In a couple of previous articles, I mentioned the role of Market Makers in the options market. These people make the market possible by standing ready to buy or sell options at any time. Of course, they’re not doing this as a public service. They make money at it (although not as much as they used to).

The option market makers’ profit comes primarily from the bid-ask spread on the options they deal in. They buy at the bid, sell at the ask, and make the difference. Many times, this means selling options that they don’t own – being *short* the options.

Looking at just Call options for the moment, we know that people who buy them have potentially unlimited profit. The higher the price of the underlying asset (“the stock”) goes, the more the call buyers can make, with no limit. Since every option contract is a zero-sum proposition, the sellers of calls have potentially unlimited losses.

Then aren’t market makers taking on a huge amount of risk, by being short a lot of options?

No, they’re not. They take on no risk at all related to movement of the stock price. They avoid that risk by using positions in the underlying stock itself as a *hedge* against their option positions. Here’s how it works: An option market maker sells 10 call contracts, representing 1000 shares of stock. As of that moment, every penny that the stock rises is going to take money out of his pocket and put it into that of the option buyer. To negate this, the market maker immediately buys stock himself. In that way, every penny that he loses on the option, will be made up for by a gain on the stock. Conversely, if the price of the stock goes down, the market maker makes money on the options, and now loses the same amount on the stock.
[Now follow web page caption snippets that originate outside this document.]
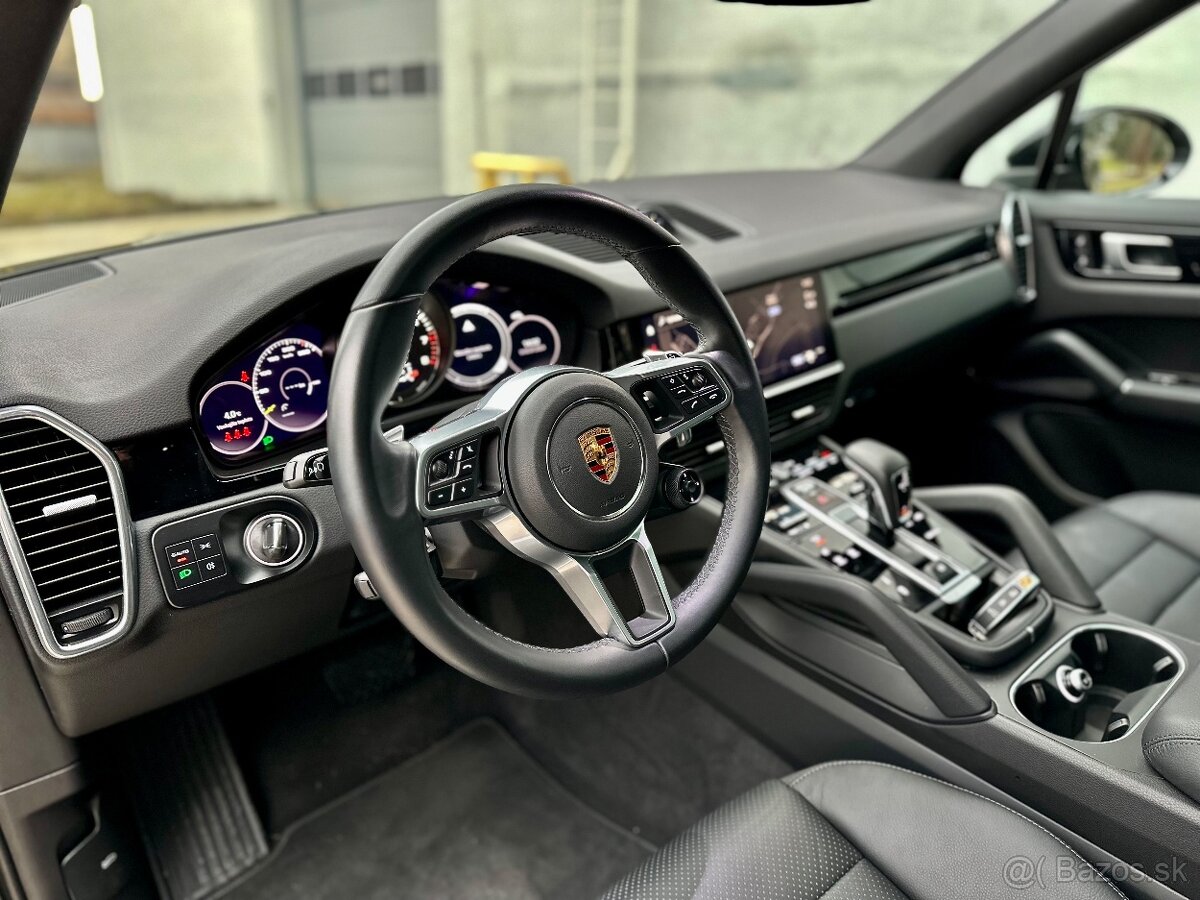 Porsche Cayenne E-Hybrid 4x4 A/T 340kW - 13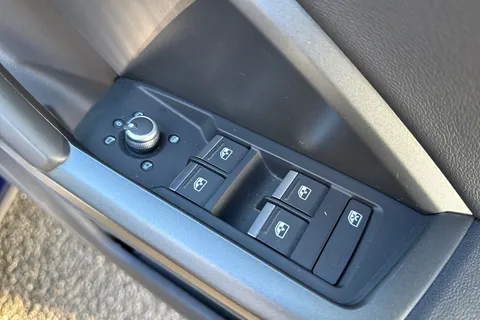 PX72NTY Audi Q3 S line 35 TDI  150 PS S tronic Thumbnail #48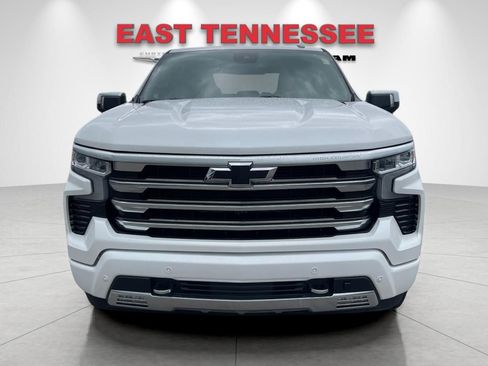 Used 2024 Chevrolet Silverado 1500 High Country w/ Max Trailering Package AWD/4WD image 9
The market maker is neutral as to the stock price – he doesn’t gain or lose if it goes up or down. His money is made on the option bid-ask spread.

Looking at our previous examples, can it be worthwhile for a market maker to buy stock worth $600, just to make a profit of 40 or 50 cents on the option? Isn’t that few pennies of option bid-ask spread a pretty small tail wagging a pretty big dog? Yes and yes. The market makers wouldn’t do the business if they didn’t make money at it.
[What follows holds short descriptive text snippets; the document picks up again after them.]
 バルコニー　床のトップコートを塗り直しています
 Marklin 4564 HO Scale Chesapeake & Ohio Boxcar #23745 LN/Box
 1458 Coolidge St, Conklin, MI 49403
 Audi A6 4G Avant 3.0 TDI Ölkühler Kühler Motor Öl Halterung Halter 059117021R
Now that we know that an options market maker is always hedged, remember that he is continually buying and selling both put options and call options. When he sells calls or buys puts, then he has made his total position more bearish, so he must offset this by *buying stock*. When he sells puts or buys calls, then he has made his position more bullish, so he must offset this by *selling stock*. He is always doing all four things at once (buying calls, selling calls, buying puts, and selling puts). So he is constantly adjusting his stock position, to keep his net options exposure hedged perfectly.

Does the market maker have to buy or sell exactly 100 shares of stock every time he buys or sells an option? No, he doesn’t. The amount of stock that he must buy or sell per option is almost always some number less than 100 shares.

How many?

The answer to that question is what made it possible for the listed options business to exist.

Before 1973, there was no mathematically determined formula to calculate the right size of a hedge against an options position. There were no options exchanges. The few dealers who sold puts and calls over the counter (or negotiated them individually with big customers) had their own proprietary ways of managing their risk, but there was no widely-accepted systematic method. Some early work was done on this by mathematician Dr. Edwin O. Thorpe. In 1967 he published a book titled *Beat the Market. * This book was revolutionary (although not nearly as popular as his 1962 book *Beat the Dealer*, which described the mathematically correct strategy for playing blackjack).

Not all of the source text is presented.